Drame anti-belliciste, La mère présente les grandes réalisations de l’univers masculin en contraste avec le destin d’une femme qui perd progressivement son époux et ses cinq fils.
L’un d’entre eux meurt au cours de recherches scientifiques, l’autre dans un accident d’avion, et ses jumeaux sont victimes de la guerre civile. Puis le pays sans dessus dessous est envahi par un un Etat étranger, et à son tour, le benjamin veut se battre. Mais sa mère ne souhaite en aucun cas le laisser partir.
A la fin de la pièce, la radio joue un rôle important, informant des horreurs de la guerre ainsi que des victimes innocentes. C’est ce qui brisera la volonté de la mère.
Elle tend alors un fusil à son fils avec un mot unique : « Vas ! »
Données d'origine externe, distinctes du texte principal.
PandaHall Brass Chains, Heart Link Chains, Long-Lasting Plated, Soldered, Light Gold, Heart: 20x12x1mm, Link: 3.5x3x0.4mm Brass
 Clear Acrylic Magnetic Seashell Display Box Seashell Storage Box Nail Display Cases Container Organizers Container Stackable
La première de La mère a été jouée au Théâtre national le 12 février 1938, peu de temps avant le décès de Karel Čapek. La pièce a figuré au répertoire de ce théâtre jusqu’à septembre 1938, lorsque la Tchécoslovaquie s’est retrouvée au bord d’une vraie guerre.
La mère de Karel Čapek est régulièrement jouée par des troupes tchèques. Récemment, la troupe du théâtre national de Brno l’a présentée, dans une mise en scène de Štěpán Pácl, sur les planches du Théâtre national d’Israël, Habima. L’invasion russe en Ukraine a à nouveau démontré, s’il en était besoin, le caractère intemporel de l’œuvre anti-belliciste de Karel Čapek, ainsi que l’esprit visionnaire de son auteur.